1. PhotoDNA runs on every upload. It's only used to identify known child pornography that has already been reported, to make sure it can't be re-uploaded.
2. Automated flesh tone detection only runs when a photo is shared. (This is a change in policy; it used to run on upload.) There are heuristics that try to measure whether it's personal sharing or broad sharing, and we're continually improving those. The goal is to make flesh tone detection only run during broad sharing.

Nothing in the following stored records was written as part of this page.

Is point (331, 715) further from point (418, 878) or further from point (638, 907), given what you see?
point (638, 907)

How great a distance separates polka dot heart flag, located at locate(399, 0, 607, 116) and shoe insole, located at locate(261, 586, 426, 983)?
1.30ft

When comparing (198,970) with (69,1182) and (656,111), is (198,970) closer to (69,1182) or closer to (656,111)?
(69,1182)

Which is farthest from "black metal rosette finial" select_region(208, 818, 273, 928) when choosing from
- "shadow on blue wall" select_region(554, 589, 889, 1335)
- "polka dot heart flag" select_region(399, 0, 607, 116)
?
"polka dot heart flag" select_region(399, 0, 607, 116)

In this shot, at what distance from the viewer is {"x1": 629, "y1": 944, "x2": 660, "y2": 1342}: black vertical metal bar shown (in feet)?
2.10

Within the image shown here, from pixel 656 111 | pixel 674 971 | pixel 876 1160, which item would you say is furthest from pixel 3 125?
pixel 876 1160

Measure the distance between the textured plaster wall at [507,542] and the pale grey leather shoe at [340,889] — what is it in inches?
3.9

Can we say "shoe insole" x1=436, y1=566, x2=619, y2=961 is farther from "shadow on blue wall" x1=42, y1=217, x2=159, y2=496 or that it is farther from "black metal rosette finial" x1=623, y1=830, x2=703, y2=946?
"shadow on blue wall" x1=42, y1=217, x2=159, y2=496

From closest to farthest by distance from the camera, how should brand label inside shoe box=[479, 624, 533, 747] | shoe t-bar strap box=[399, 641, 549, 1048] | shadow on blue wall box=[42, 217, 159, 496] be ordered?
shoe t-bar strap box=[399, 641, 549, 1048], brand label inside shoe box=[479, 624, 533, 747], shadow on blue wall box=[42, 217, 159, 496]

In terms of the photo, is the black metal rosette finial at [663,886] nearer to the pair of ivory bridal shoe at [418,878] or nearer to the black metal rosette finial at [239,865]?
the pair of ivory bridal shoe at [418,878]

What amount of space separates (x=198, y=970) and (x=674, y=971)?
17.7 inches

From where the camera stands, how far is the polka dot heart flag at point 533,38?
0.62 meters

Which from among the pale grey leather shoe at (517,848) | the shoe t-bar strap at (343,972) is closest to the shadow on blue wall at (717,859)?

3. If the broad sharing criteria is met and automated flesh tone detection triggers a positive result, that is the only case in which an item is anonymously sent to manual review. It's some highly controlled clean-room environment where a dedicated team tries to determine whether the content is a legal risk or not. Clear cases of shared child exploitation porn are reported. (A parent's "baby in bathtub" type of photos are not the target here.) In most cases, it's adult pornography or family photos. In those cases, the folder is marked as porn and simply can't be shared again. (There's a user-visible message on the web UI.) It's not deleted, and it continues to be fully accessible to the owner across all machines.
The scanning policy used to be more aggressive and didn't exclude content that was unshared or only shared to a small set of people. None of us liked that policy to begin with, and then some high-profile false positives helped force the policy to be revised.
I keep reading that OneDrive lets users upload adult porn either through here, or reddit AMAs, etc.
However, the terms that are linked to me at the bottom of OneDrive.com specifically tell me that uploading porn is not allowed and presumably (haven;t double checked) tell me that if I do my MSA will be deactivated.
It's nice to have you and co. tell me that you allow porn, but the fact that the terms I legally agree to contradict what you say sort of puts me in an uncomfortable position.
Have you thought about changing the terms of use to accurately reflect your policies?
1. PhotoDNA runs on every upload. It's only used to identify known child pornography that has already been reported, to make sure it can't be re-uploaded.
2. Automated flesh tone detection only runs when a photo is shared. (This is a change in policy; it used to run on upload.) There are heuristics that try to measure whether it's personal sharing or broad sharing, and we're continually improving those. The goal is to make flesh tone detection only run during broad sharing.
3. If the broad sharing criteria is met and automated flesh tone detection triggers a positive result, that is the only case in which an item is anonymously sent to manual review. It's some highly controlled clean-room environment where a dedicated team tries to determine whether the content is a legal risk or not. Clear cases of shared child exploitation porn are reported. (A parent's "baby in bathtub" type of photos are not the target here.) In most cases, it's adult pornography or family photos. In those cases, the folder is marked as porn and simply can't be shared again. (There's a user-visible message on the web UI.) It's not deleted, and it continues to be fully accessible to the owner across all machines.
The scanning policy used to be more aggressive and didn't exclude content that was unshared or only shared to a small set of people. None of us liked that policy to begin with, and then some high-profile false positives helped force the policy to be revised.